To insert bulk data/populate a database in PostgreSQL, the fastest way would be to use COPY. Source
I have to populate a database. Right now I am getting write speeds as low as 100-200 per second. This involves sending many individual INSERTS through the C++ library libpqxx. The two reasons I suppose are:
- The data has many repeated records.(I have raw logs, which I parse and send.) Which causes primary key exception.
- The one-by-one sending of the Insert Statements.
The first one is out of my hands. However I was reading about the second one.
As far as I know tablewriter class was suited to this purpose. However it has apparently been deprecated. I have read that it possible to use stdin as a parameter to copy.

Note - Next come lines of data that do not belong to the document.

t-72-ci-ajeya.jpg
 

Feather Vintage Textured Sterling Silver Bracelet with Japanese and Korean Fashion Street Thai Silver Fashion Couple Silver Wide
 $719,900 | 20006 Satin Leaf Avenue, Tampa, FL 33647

But after these clues I am lost. Can someone lead me to a solution?
Edit: Here is the code, where I have a function which executes the statemnt:
void pushLog(Log log,pqxx::connection *conn){
pqxx::work w(*conn);
std::stringstream stmt;
stmt<<"INSERT INTO logs VALUES('"<<log.getDevice()<<"','"<<log.getUser()<<"','"<<log.getDate()<<"','"<<log.getLabel()<<"');";
try{
pqxx::result res = w.exec(stmt.str());
w.commit();
}
catch(const std::exception &e){
std::cerr << e.what() << std::endl;
std::cout<<"Exception on statement:["<<stmt.str()<<"]\n";
return;
}
}
I establish the connection earlier, and pass a reference to it.
PS: The question might lack some details. If so, please comment, and I'll edit and add them.